No tengo nada en contra del carnaval, todo lo contrario, descubro en su esfera la riqueza de lo humano para desarrollar a raudales, a explotar, y en cambio me disgusta lo que observo. Ni fiesta, ni diversión, ni crítica, ni nada que se le parezca. Abomino de estos carnavales confeccionados como apartamentos turísticos para atraer visitantes, vacíos de significado y saturados por el negocio; ofrecen la triste imagen de nuestra devoción al placer de la inferioridad: masoquistas acomplejados, con unos carnavales de relumbrón y mal sabor en el pensamiento.

¿Cómo sortear el atolladero?. Por fortuna me encuentro con un texto del sabio holandés, Johan HUIZINGA, donde establece relación entre el carnaval y el juego: "Ese ser otra cosa y ese misterio del juego encuentran su expresión más patente en el disfraz. La “extravagancia” del juego es aquí completa, completo su carácter “extraordinario”. El disfrazado juega a ser otro, “representa”, es otro ser. El espanto de los niños, la alegría desenfrenada, el rito sagrado y la fantasía mística se hallan inseparablemente confundidos en todo lo que lleva el nombre de máscara y disfraz".

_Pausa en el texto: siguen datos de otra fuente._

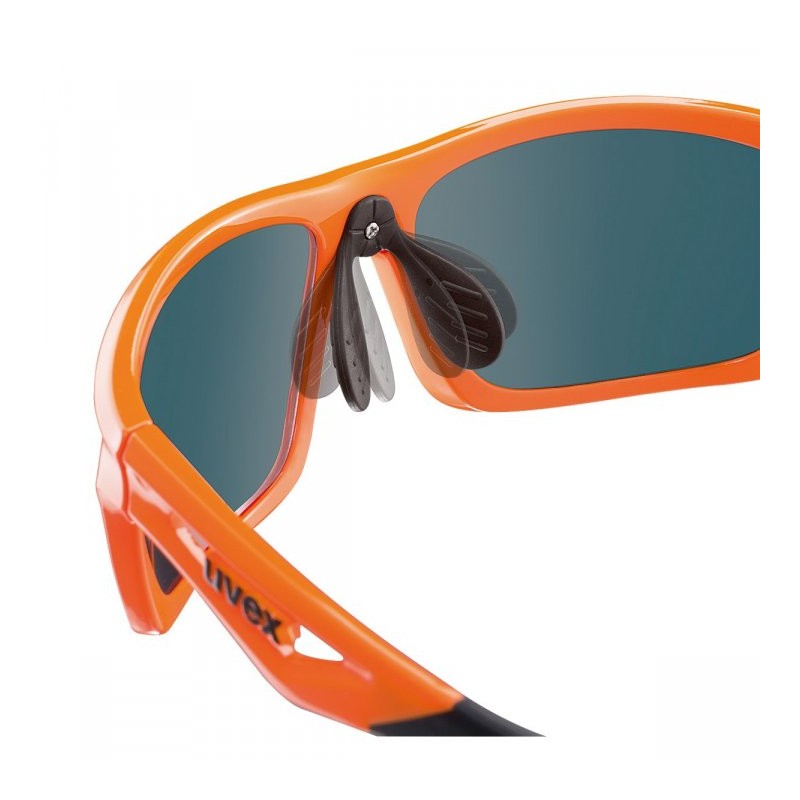 Uvex sportstyle 202 race vm - negro / variomatic litemirror azul - Gafas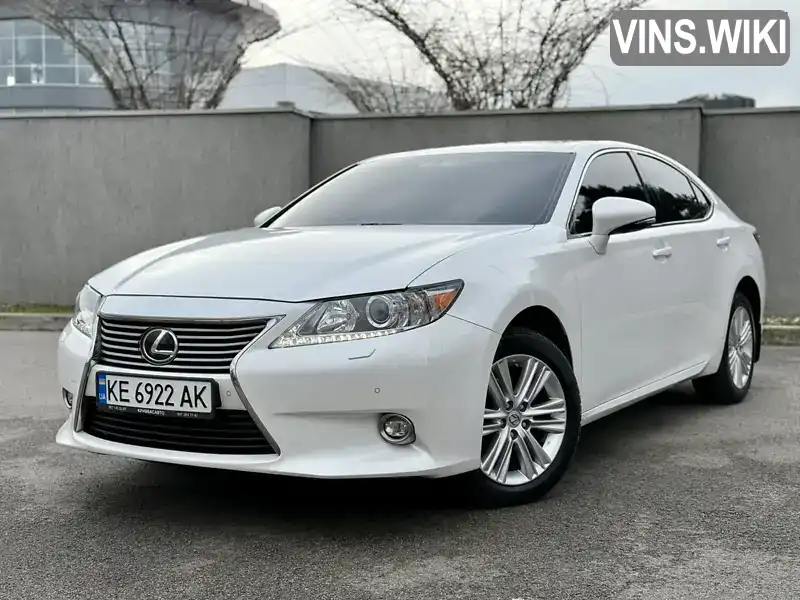 Седан Lexus ES 2013 2.5 л. Автомат обл. Дніпропетровська, Дніпро (Дніпропетровськ) - Фото 1/21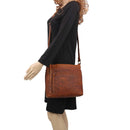Concealed Carry Faith Leather Crossbody by Lady Conceal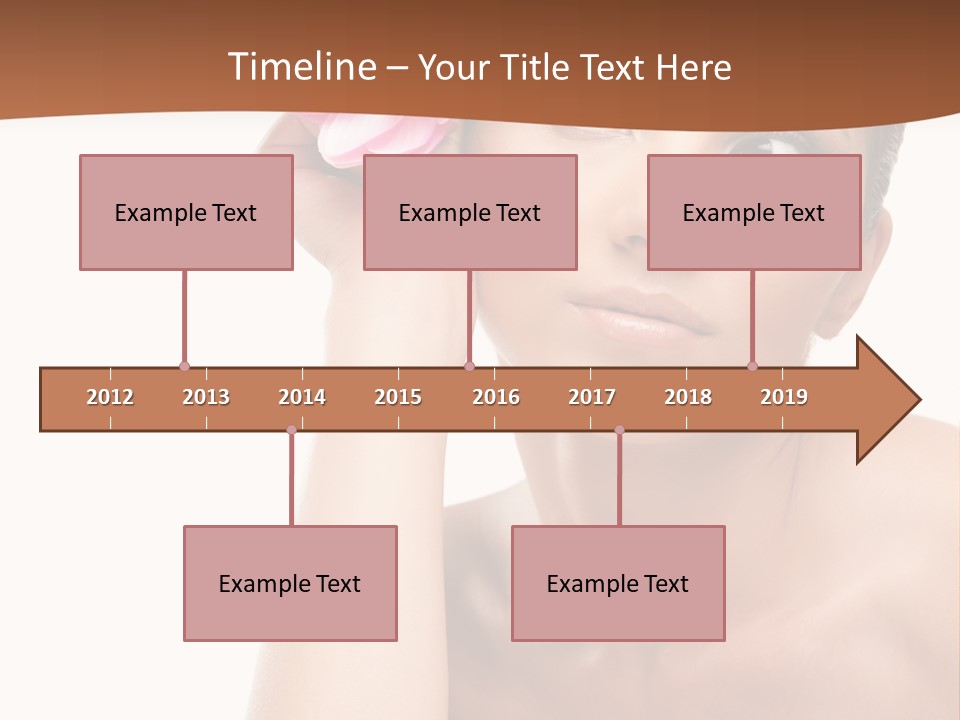 One Smile Fresh PowerPoint Template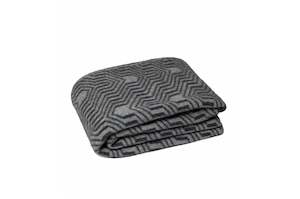 Possum Merino: Possum Merino Patterned Throw KO963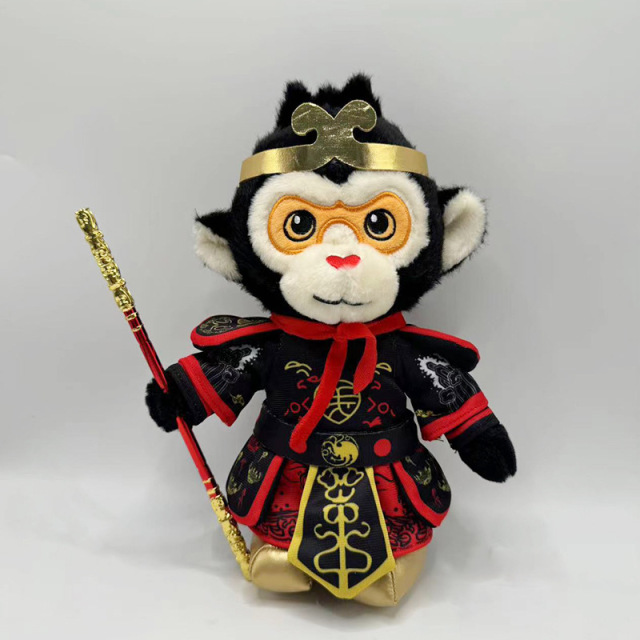 Customization Black Myth Wukong Simulation Stuffed Animals Monkey King Plush Toys Game Character,KingKong Toys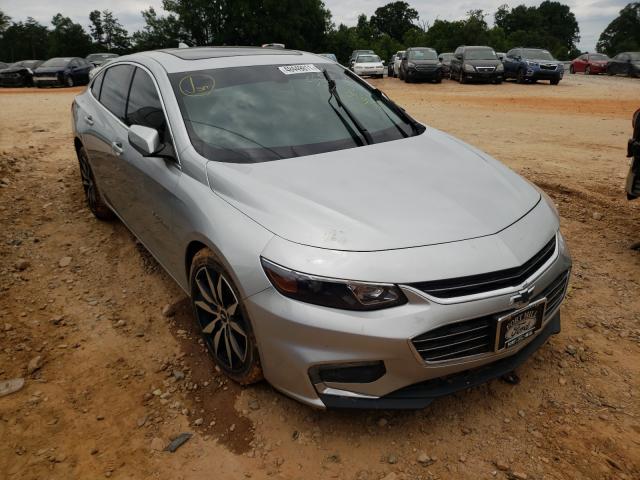 CHEVROLET MALIBU LT 2017 1g1ze5st5hf131665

¡Ay los niños!. Ellos sí que saben jugar y no los adultos. Ahora me doy cuenta, gracias a J. HUIZINGA, que en nuestro carnaval no vamos juntos. A los niños los mantenemos aparte, en otro carnaval, el suyo, quizá el auténtico: libre, sentido, sin intereses materiales y provechos, rodeados de misterio, creando un mundo distinto al habitual... Vivido así el carnaval es una fiesta, una celebración, y a decir de J. HUIZINGA un juego.